▸ Work to be completed
Print only the lines below from the one with "Fails of the Week ? [1HOUR] AFV" to the one with "Piso de 107 m² en Chiclana de la Frontera", both included, exactly as they stand. Leave pictures out.

▸ Material provided
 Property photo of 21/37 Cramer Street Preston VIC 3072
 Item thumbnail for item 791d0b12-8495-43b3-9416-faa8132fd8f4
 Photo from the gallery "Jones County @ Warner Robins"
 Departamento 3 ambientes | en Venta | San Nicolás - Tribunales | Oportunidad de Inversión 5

--

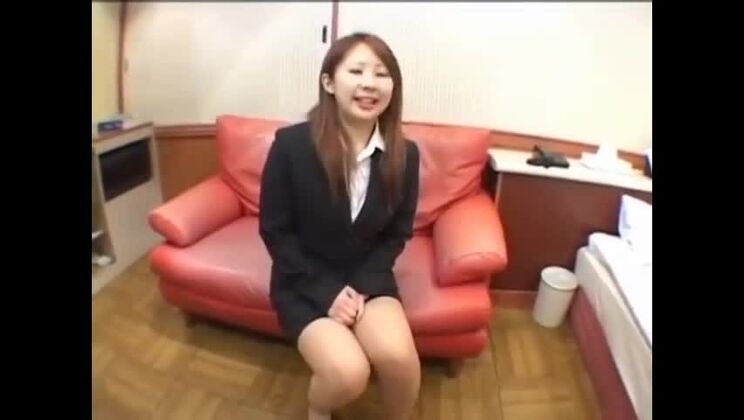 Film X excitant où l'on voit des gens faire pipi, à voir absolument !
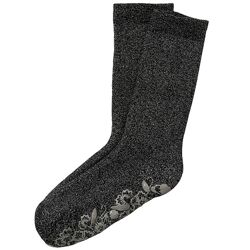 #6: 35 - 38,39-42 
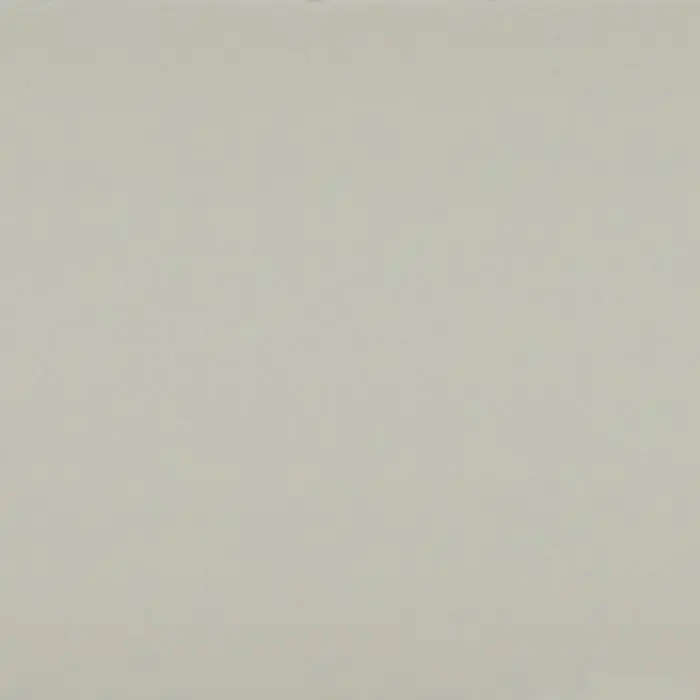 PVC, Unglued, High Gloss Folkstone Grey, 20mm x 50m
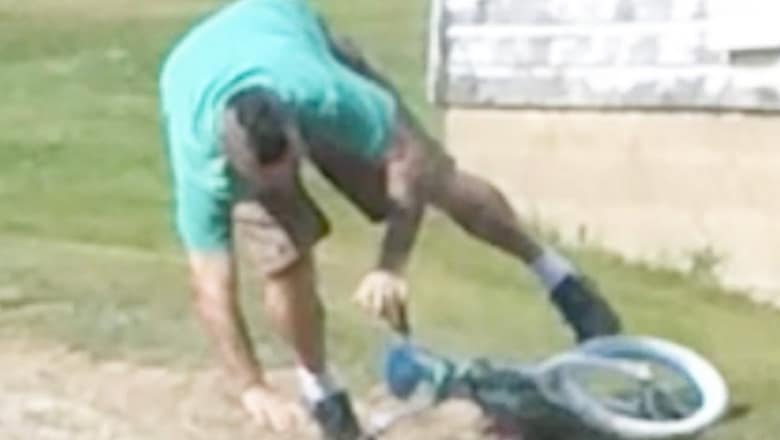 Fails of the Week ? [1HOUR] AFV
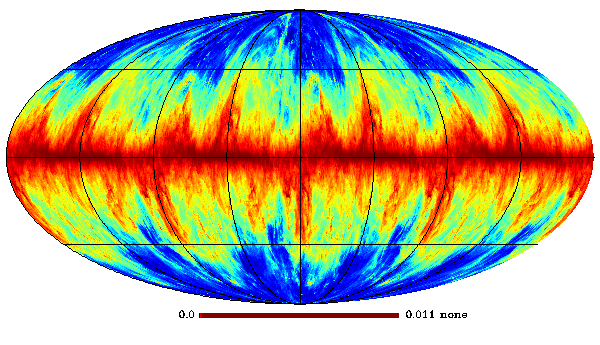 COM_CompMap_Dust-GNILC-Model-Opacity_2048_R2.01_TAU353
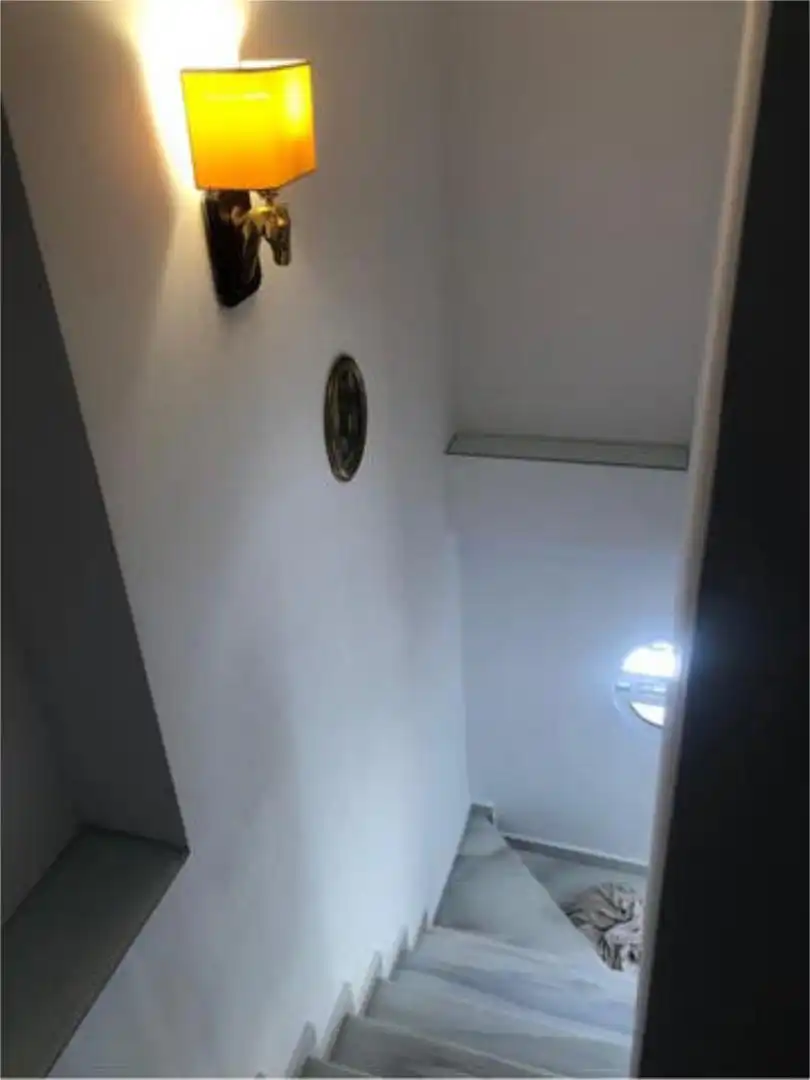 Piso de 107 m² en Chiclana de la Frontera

▸ Exercise output
 Fails of the Week ? [1HOUR] AFV
 COM_CompMap_Dust-GNILC-Model-Opacity_2048_R2.01_TAU353
 Piso de 107 m² en Chiclana de la Frontera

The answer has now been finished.